By Bernard Cornwell
Bernard Cornwell is a master of historical fiction, but Enemy of God may be his finest hour — a novel that takes the gilded myth of Camelot and strips it back to something rawer, muddier, and far more human. Picking up directly where The Winter King left off, Arthur stands at the height of his power, the warring British kingdoms uneasy but allied, the Saxon threat held at bay, and Mordred’s throne — that troublesome, lame boy-king whose claim Arthur has sworn to protect — temporarily secure. It should be a golden age. Cornwell, of course, has other ideas.
The novel is narrated in flashback by Derfel, Arthur’s warrior and confidant, now an old monk setting down his memories of a world long gone. It is Cornwell’s genius to let Derfel tell the story with the weight of hindsight heavy on every sentence — hinting at catastrophes to come, at betrayals not yet named, but always threading through the darkness a sliver of stubborn, aching hope. One passage captures this perfectly. Derfel recalls a summer that looked, on the surface, like everything Arthur had fought for:
“Arthur was at the height of his powers, Merlin sunned himself in our garden with my three small daughters clamouring for stories, Ceinwyn was happy, Guinevere basked in her lovely new Sea Palace with its arcades and galleries and dark hidden temple, Lancelot seemed content in his kingdom by the sea, the Saxons fought each other, and Dumnonia was at peace. It was also, as I remember, a summer of utter misery. For it was the summer of Tristan and Iseult.”
That pivot — from apparent paradise to “utter misery” in a single breath — is Cornwell at his most precise. It is also, in miniature, the entire emotional architecture of the book.
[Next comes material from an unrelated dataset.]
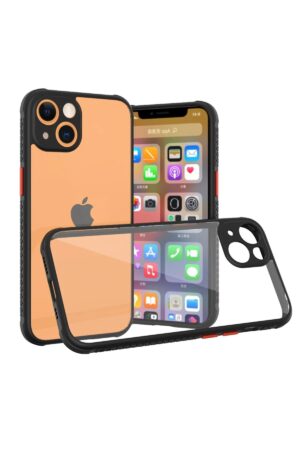 iPhone 13 Mini Kılıf Miami Şeffaf Silikon - Siyah-(5796)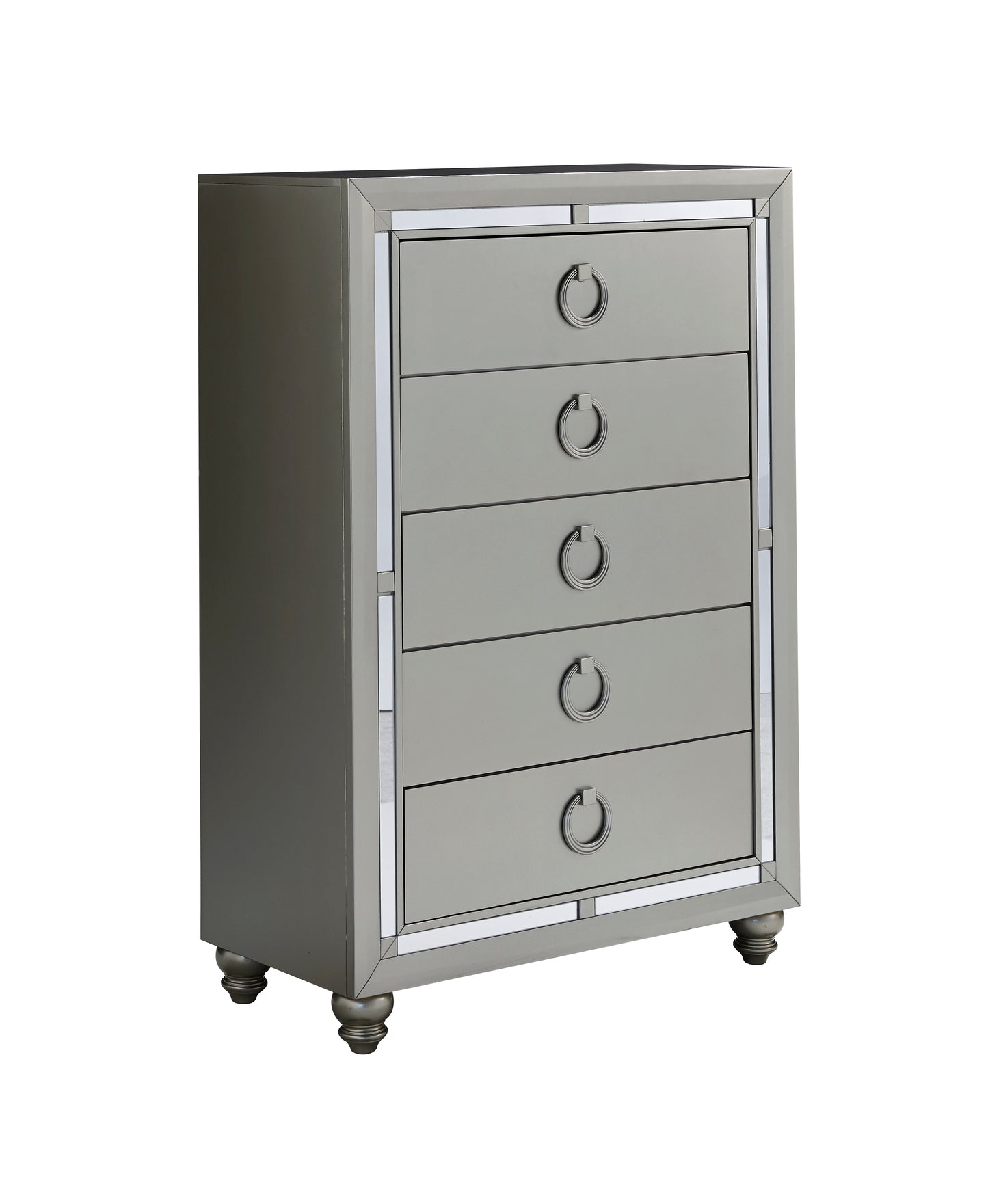 Silver Grey Modern Bedroom Dresser 33.27" W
At the heart of Enemy of God is Arthur’s almost tragic devotion to the rule of law and the sanctity of oaths — and the slow, devastating discovery of how few around him share that devotion. Lancelot, all gleaming reputation and hollow charm, reveals a treachery that cuts to the bone. Guinevere, brilliant and dangerous, is implicated in machinations that chip away at everything Arthur has built. And through it all, Arthur remains bound by his oath to protect young Mordred — a boy-king who inspires no loyalty, deserves little affection, and yet represents, for Arthur, the entire principle of legitimate order. It is a burden that is quietly destroying him. Meanwhile, Derfel’s discovery of his own father adds a deeply personal strand to the epic — a reminder that even in a story of kings and warlords, identity and belonging cut just as deep as any sword.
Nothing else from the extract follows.